Humana (NYSE: HUM ) acquired Metropolitan Health last year. Metropolitan Health operates a network of physicians and other clinical professionals who focus on providing care for Medicare beneficiaries. Humana also bought Concentra, with its 300 health clinics spread across 40 states, in 2010.
Will this trend of doctors saying goodbye to their private practices be a good thing? Not necessarily.
According to one estimate, Medicare pays more than $1 billion per year than it would otherwise when doctors work for hospitals. That's largely because hospitals receive higher reimbursements from the government program for many specialty services than individual doctors would.
Another potential issue stems from the possibility that hospitals could push doctors in their employment to pump up numbers of admissions and tests.

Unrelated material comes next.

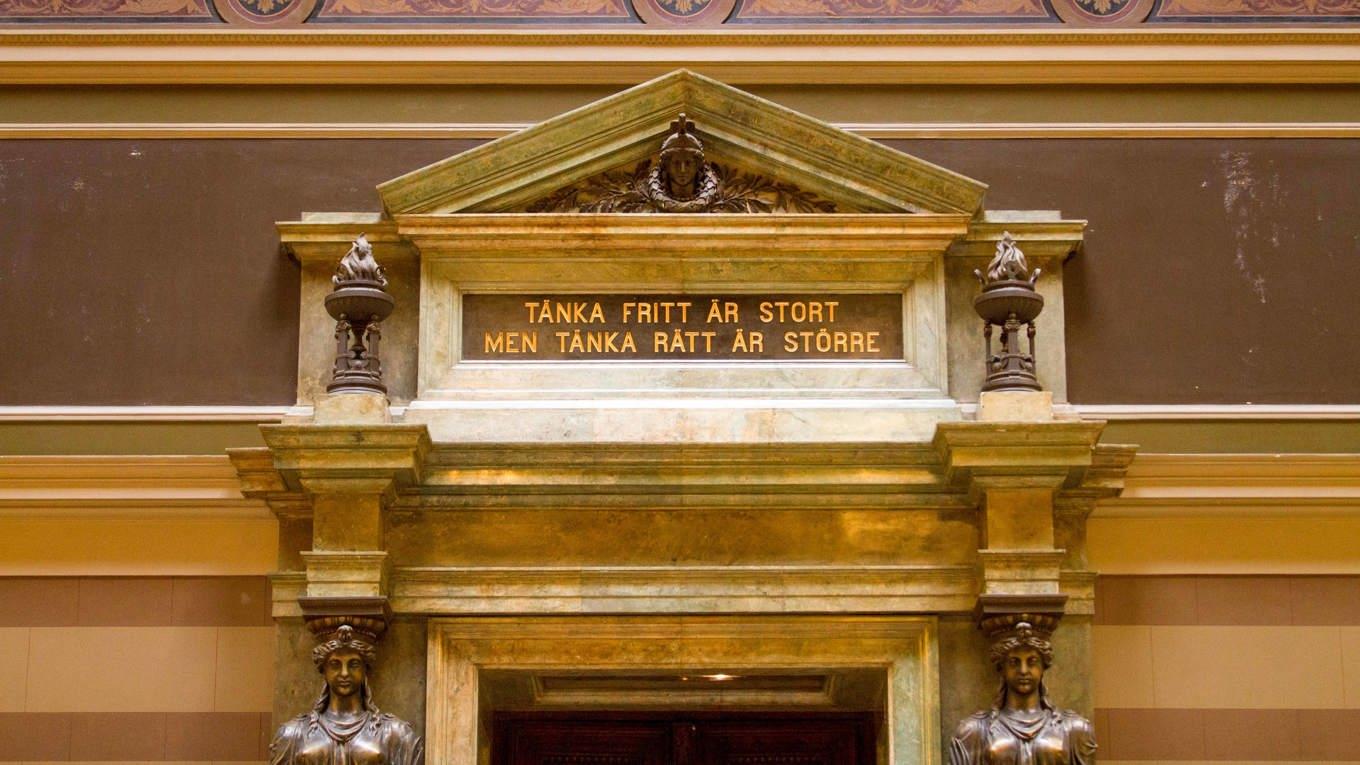 ”Tänka fritt är stort, men tänka rätt är större”. Thomas Thorilds ord bildar devis ovanför dörren till Uppsala universitets aula. Foto: Uppsala universitet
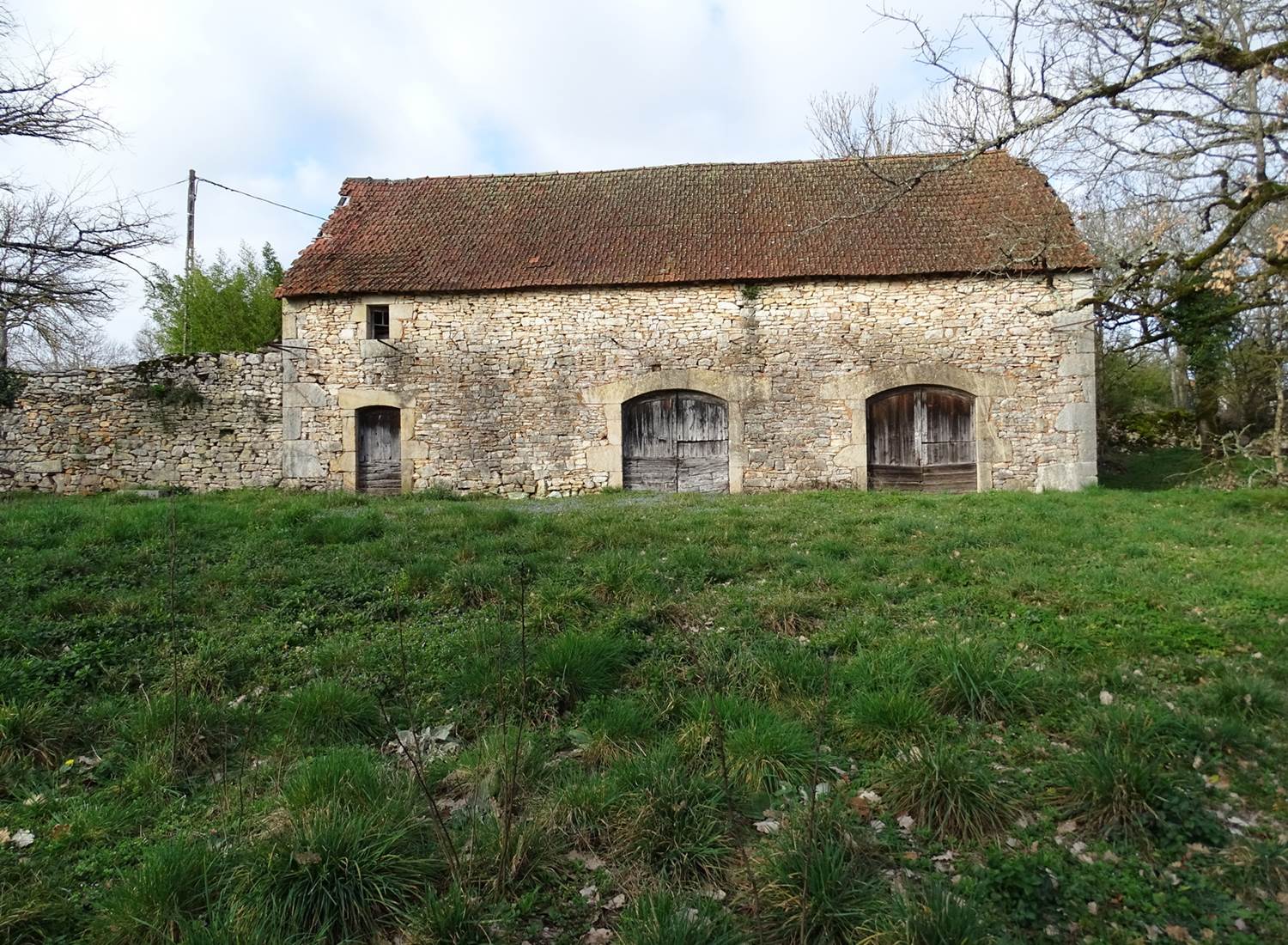 Les Enclos Secrets - La Grange avant travaux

Health Management Associates (NYSE: HMA ) is under investigation in several states for possible actions including the "medical necessity of emergency room tests and patient admissions." A 60 Minutes story in December focused on some of these alleged admissions issues. The company disputes these accusations.
Of course, if you own stock of hospitals that are hiring away physicians from private practices, the trend is probably quite welcome. In large part due to the impact of Obamacare, hospital stocks have soared. HCA shares are up more than 60% over the last year. HMA stock gained more than 130% during the same period.
The way of the dinosaur and dodo?
Physician private practices will almost certainly continue to decline, but they probably aren't headed for total extinction. Some doctors will resist the temptation to work for larger entities, even if their pay suffers as a result.
While the shift away from private practices was already under way prior to Obamacare, the legislation definitely threw gasoline on the fire. As a result, perhaps another federal action is now needed: adding physician private practices to the endangered species list.